Appearing as a guest on Thursday's Anderson Cooper 360, CNN Senior Political Analyst David Gergen admitted that GOP presidential candidate Marco Rubio "had a point" during the debate in calling out the media for ignoring Hillary Clinton's "clear inconsistency" in her Benghazi story, conceding that he had also joined in the media chorus focusing on "praising her performance."
But the CNN analyst then absurdly rationalized the media's behavior by blaming Republicans who "told us that this was a rigged process" for causing the media "naturally" to "look at it through that lens." Gergen did not mention that neither of the two Republicans who hinted at politics in the Benghazi investigation was even on the Benghazi committee.
At about 8:35 p.m., after host Anderson Cooper brought up Rubio's attack on the media, Gergen noted that conservative criticism of the media having a liberal bias against them dates back to the 1960s, and then declared:
And, you know, to be honest with you, I thought Marco Rubio had a point last night when he said that in the Benghazi hearings that Hillary Clinton emerged with a lot of us praising her performance and I thought, and I was among them.

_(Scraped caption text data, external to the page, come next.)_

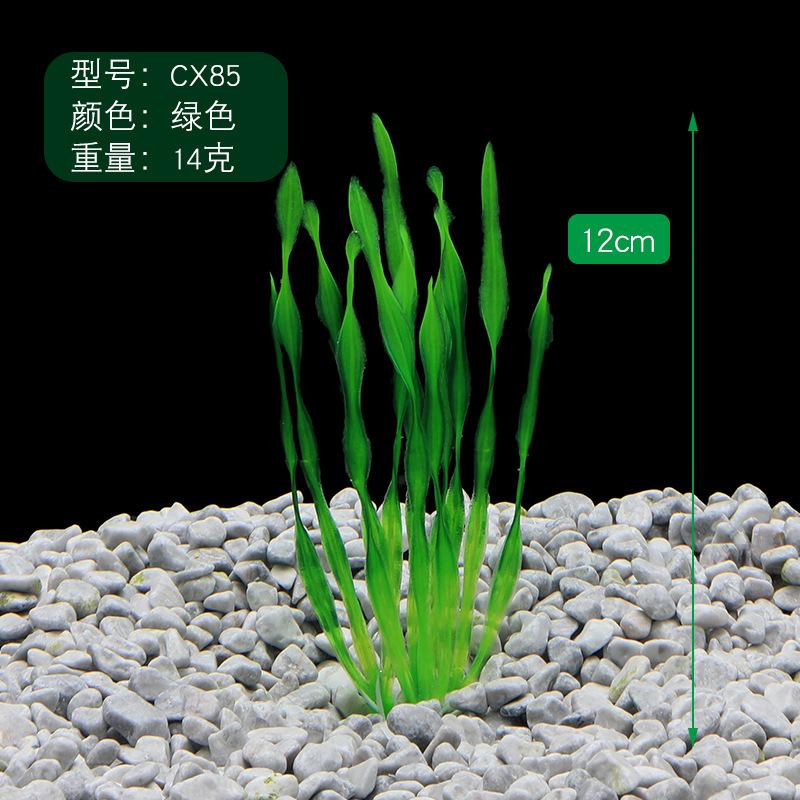 Rong biển tảo bẹ (YR-43)
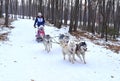 Husky sled dogs ride children on sleds in the forest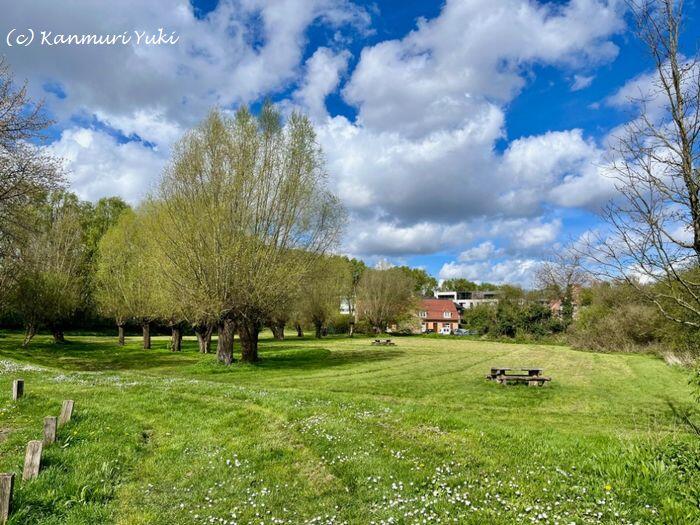 フランス人 暮らし方　生活　公園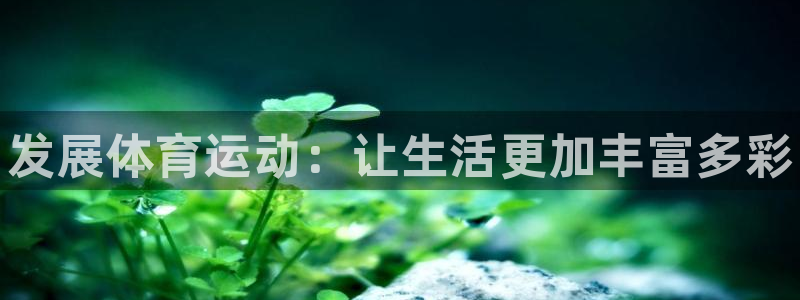 熊猫体育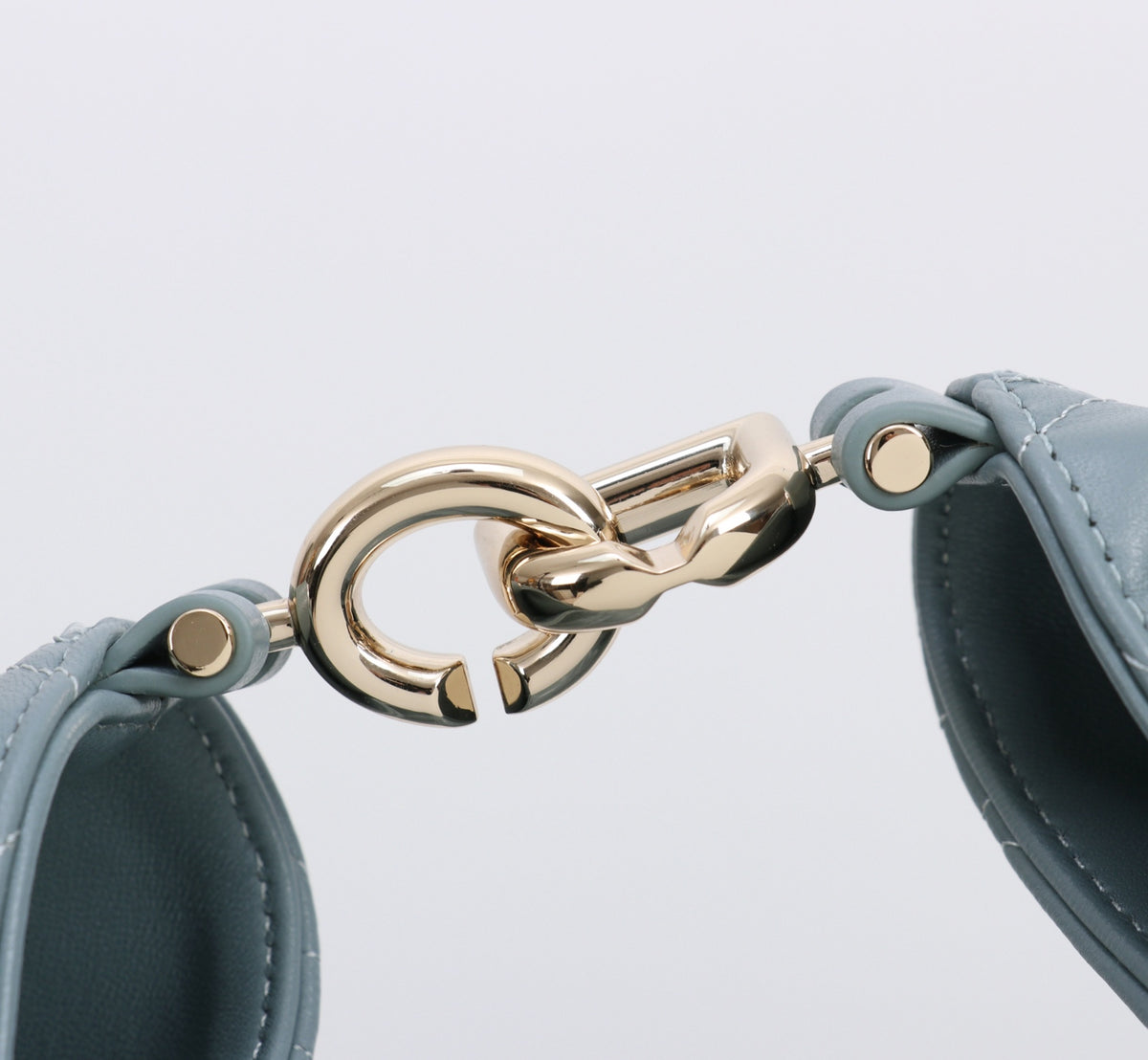 Dior Jonathan Anderson Army Green Blue Gold Hardware 1538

It's also true, as Rubio pointed out, we didn't talk a lot about the fact there was a clear inconsistency in her story, and Rubio says basically she's a liar about what happened and who she told what when, that the story given to the public was conflicted with what she was saying privately.
But the CNN analyst then pushed blame onto Republicans for causing the media to mishandle Benghazi coverage as he added:
And I think that's a legitimate concern on the part of Marco Rubio and the republicans, but, you know, Marco Rubio also didn't mention that the reason the media got so interested in whether she could handle these Republicans was it was Republicans who told us that this was a rigged job, that this was a rigged process, the Benghazi hearing, so naturally we looked at it through that lens when it was over.
Gergen ended up admitting that the dominant news media have a liberal bias:
This is a complicated story. I think the media gets a generally -- the mainstream media, print media -- tends to be more liberal. Talk radio tends to be very conservative.
Below is a transcript of the relevant portion of the Thursday, October 29, Anderson Cooper 360 on CNN:
DAVID GERGEN, CNN SENIOR POLITICAL ANALYST: Anderson, listen, as Rand Paul said last night, controversies in the sense of liberal bias in the mainstream media among Republicans, and especially among conservatives, does stretch all the way back to Goldwater 1964 convention and that whole campaign, and ever since then, that's when the media started looking, you know, I knew a lot of business people who were conservatives who were trying to buy one of the three networks so that there could be an alternative, and along came Fox of course, and I think there's more balance now than there used to be. But there is a widespread feeling among conservatives still that they don't get a fair shake,
And, you know, to be honest with you, I thought Marco Rubio had a point last night when he said that in the Benghazi hearings that Hillary Clinton emerged with a lot of us praising her performance and I thought, and I was among them. It's also true, as Rubio pointed out, we didn't talk a lot about the fact there was a clear inconsistency in her story, and Rubio says basically she's a liar about what happened and who she told what when, that the story given to the public was conflicted with what she was saying privately.
And I think that's a legitimate concern on the part of Marco Rubio and the Republicans, but, you know, Marco Rubio also didn't mention that the reason the media got so interested in whether she could handle these Republicans was it was Republicans who told us that this was a rigged job, that this was a rigged process, the Benghazi hearing, so naturally we looked at it through that lens when it was over.
This is a complicated story. I think the media gets a generally -- the mainstream media, print media -- tends to be more liberal. Talk radio tends to be very conservative.